I employed the above method many times as a child along with several others including the Rinse Method (rinse all sauced meat of any sauce) and the Hide Method (hide offending bites under side portions of less importance – hiding bits of meat that my mom would make me eat under mashed potatoes that she hopefully wouldn’t make me eat, for example).
I love vegetables. I do. They’re crunchy, full of nutrients, and they appease my salt tooth (I rarely want sweets – I prefer salt). But Kale? I know I need to eat it because it is full of good stuff, but…sigh. Kale makes me revert back to my Kid Dinner Defense Mechanisms and the Shrink Method in particular.

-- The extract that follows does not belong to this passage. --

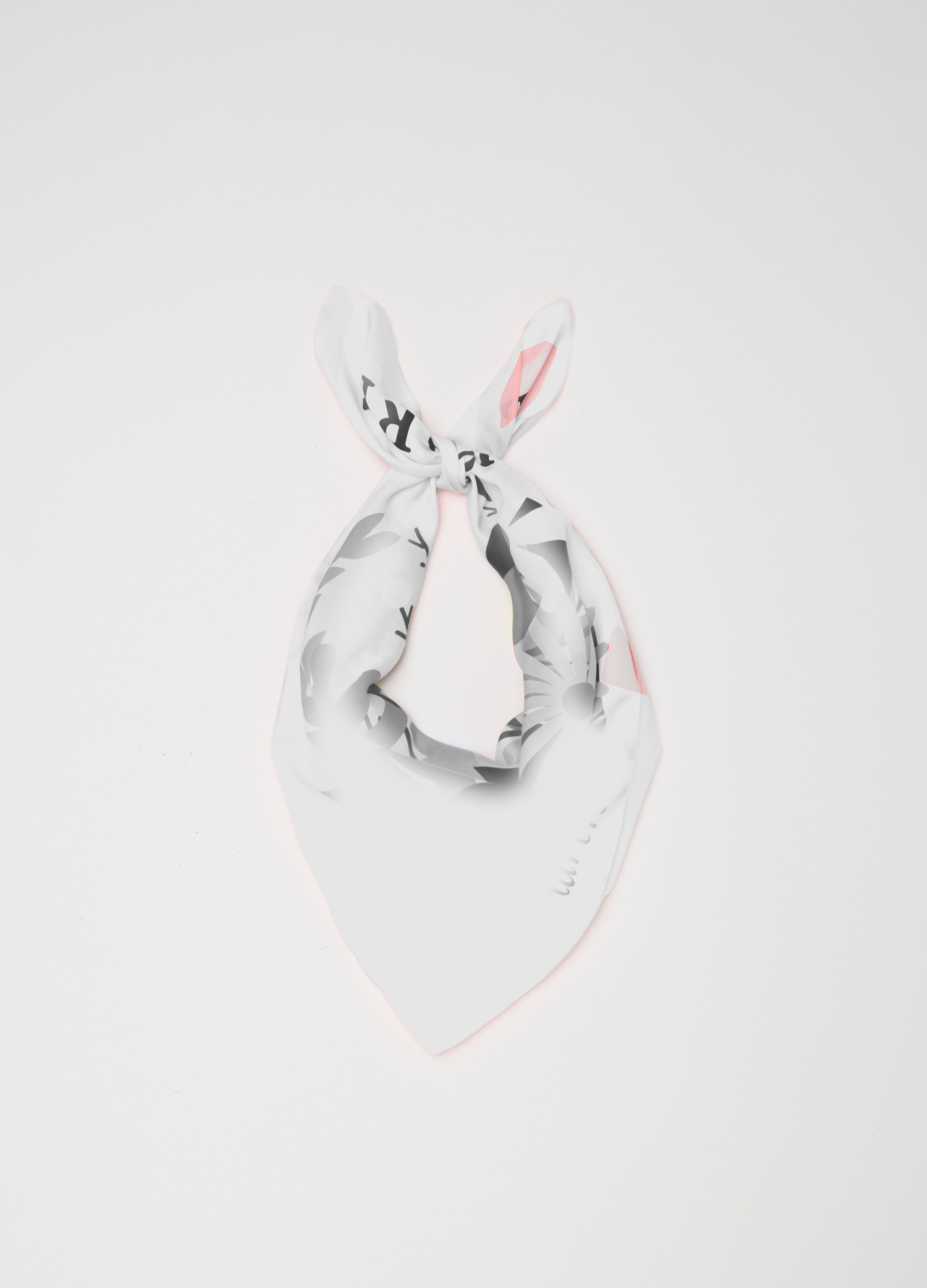 Pañuelo Ligero En Pura Viscosa Multicolor Con Estampado Floral, Mujer, Blanco/rosa, Talla: FASUL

(And it’s not just me. Kale makes a lot of people revert to this method: If you own a juicer or Vitamix and you make Kale smoothies that don’t taste or feel at all like Kale, then ha! Gotcha!)
Currently, I am not the owner of a juicer or a Vitamix (but I will be soon!) so while I am researching which product to buy, I had to think of a way to ingest Kale with as little pain as possible.
Kale and Crab Salad
For the Salad:
- 1 Cup of Finely Chopped Raw Kale
- 1 Cup of Finely Chopped Raw Spinach
- 1 Cup of Finely Chopped Raw Collard Greens
- 1 Cup of Crab Meat
- Scallions or Bulb Onions
- Salt and Pepper
(You can multiply this based on the number of servings you want and change out the greens to suit your taste as well.)
For the Vinaigrette:
I have always used a variation of a recipe that I pulled off Epicurious.com years ago. I usually just do an eyeball measurement of all the ingredients, but I will be diligent here and post the link so you can get the exacts.
Of course, in true Ali recipe-tweaking fashion, I often use less oil (I use about 1/3 of a cup) than this recipe requires and I would recommend that you do the same.
- Large Mixing Bowl
- 2 Small Mixing Bowls
- Measuring Spoons and Cups for Liquid and Solid Measures
- Gather your ingredients:
- Prepare the vinaigrette according to the recipe in the link above. If you have some time, do this ahead of time and store the vinaigrette in the refrigerator to let the flavors come together. You can make the dressing up to a day ahead.
- Using the mustard from the vinaigrette recipe, prepare your crab meat: put a very small (like ½ tsp.) bit of mustard into the crab meat along with ¼ of a cup or less of the green parts of your scallions. Stir this together with a touch of pepper and a hint of salt. Taste it. It should taste good to you. If it doesn’t, adjust the add-ins to your taste. Set the crab aside.
- With your scissors (yes, scissors!), cut the greens into strips:
- Combine the greens with the crab gently. The crab might turn a little green.
- Add the vinaigrette to your preference. I am one for always underdressing when it comes to salads.
- Add salt and pepper to your taste.